If you’re trapped in a cubicle, dreaming of freedom, Lewis-Kraus’ tell-all will prove vital in helping you weigh the pros and cons of setting out on foot to find your purpose.
No one can accuse Lewis-Kraus of being a minimalist. Given the amount of detail he goes into, it’s a wonder he was even able to lift his backpack, what with the stacks of notebooks he must have filled up on each successive pilgrimage. He is a gifted documentarian with an anthropologist’s eye for all the cultures, landscapes and monuments through which he travels–although he is guilty of carpet-bombing his text with five-dollar, words-you-should-know (e.g., “aelatory,” “oleaginous,” and, to his friend, the tin-eared “your vituperative anti-religiosity is just as simplified and hackneyed as those Richard Dawkins tirades”–awww, snap!) that come off as more show-offy than clever.

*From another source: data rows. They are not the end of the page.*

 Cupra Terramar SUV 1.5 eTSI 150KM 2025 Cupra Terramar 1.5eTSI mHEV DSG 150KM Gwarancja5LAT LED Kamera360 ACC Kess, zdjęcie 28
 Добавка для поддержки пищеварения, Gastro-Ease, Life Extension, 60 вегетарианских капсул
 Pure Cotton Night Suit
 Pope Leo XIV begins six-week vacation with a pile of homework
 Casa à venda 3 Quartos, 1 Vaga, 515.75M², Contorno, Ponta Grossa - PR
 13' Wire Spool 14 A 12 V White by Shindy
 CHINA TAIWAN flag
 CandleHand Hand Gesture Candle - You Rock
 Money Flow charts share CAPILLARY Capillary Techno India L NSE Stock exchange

Yet, while Lewis-Kraus makes it clear that he doesn’t want to write your average travelogue, it’s as a memoirist that he falters. From the first chapters, he kvetches endlessly about his father. Now, in Lewis-Kraus’ defense, his father did cat around on his mother for the better part of two decades before finally coming out of the closet; then, instead of making amends to the family for having lived a lie, his father repeatedly pats himself on the back for finally being true to himself. Yet this becomes a monomania for Lewis-Kraus, which readers of “Sense of Direction” must slog through, even though those of us who are LGBT renegades from Limbaugh-loving, religious-right households would swap pasts in a New York minute with a straight kid from a liberal, Jewish intellectual family with a gay dad at the head of the table.

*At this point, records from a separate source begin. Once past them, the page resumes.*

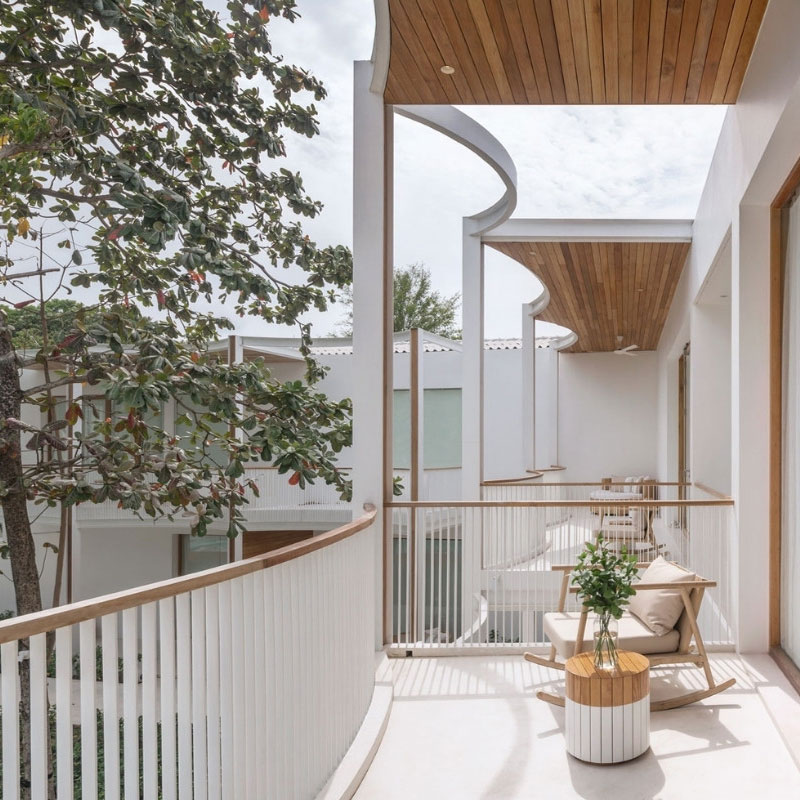 Garden Deluxe Balcony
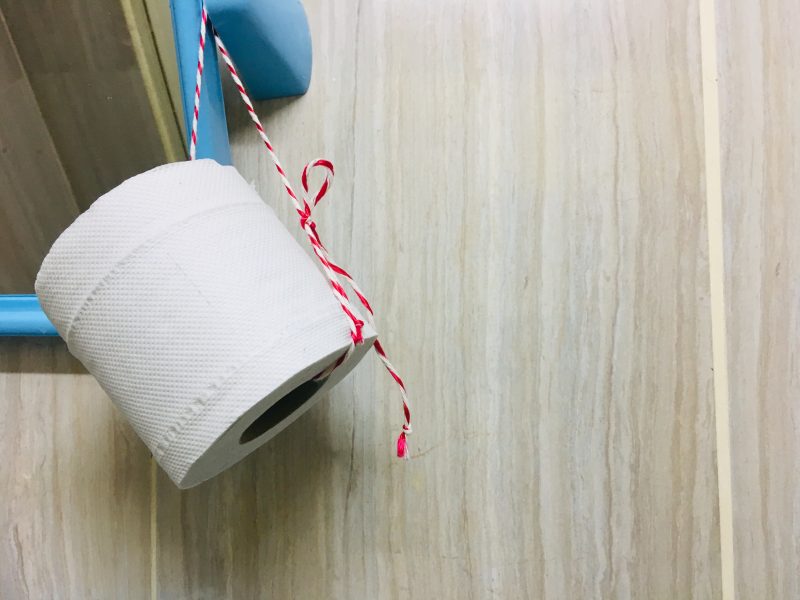 Multi-purpose toilet paper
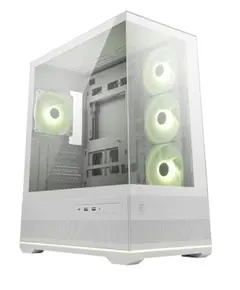 კომპიუტერის ქეისი MSI MAG PANO 110R PZ WHITE - Primestore.ge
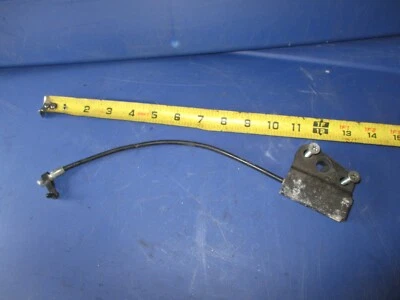 ZX6R ZZR ZZR600 ZX 6 600 2005-2008 Kawasaki Ninja asiento trasero cable soporte pestillo Foto 1 de 3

But Lewis-Kraus is a smart and dedicated writer, unflinching, especially in his accounts of the gruesome conditions of his and his friends’ wayfaring feet: “no fewer than eight blisters per foot, springlike in their suppurating blooms.” If you’re trapped in a cubicle, dreaming of freedom, Lewis-Kraus’ tell-all will prove vital in helping you weigh the pros and cons of setting out on foot to find your purpose.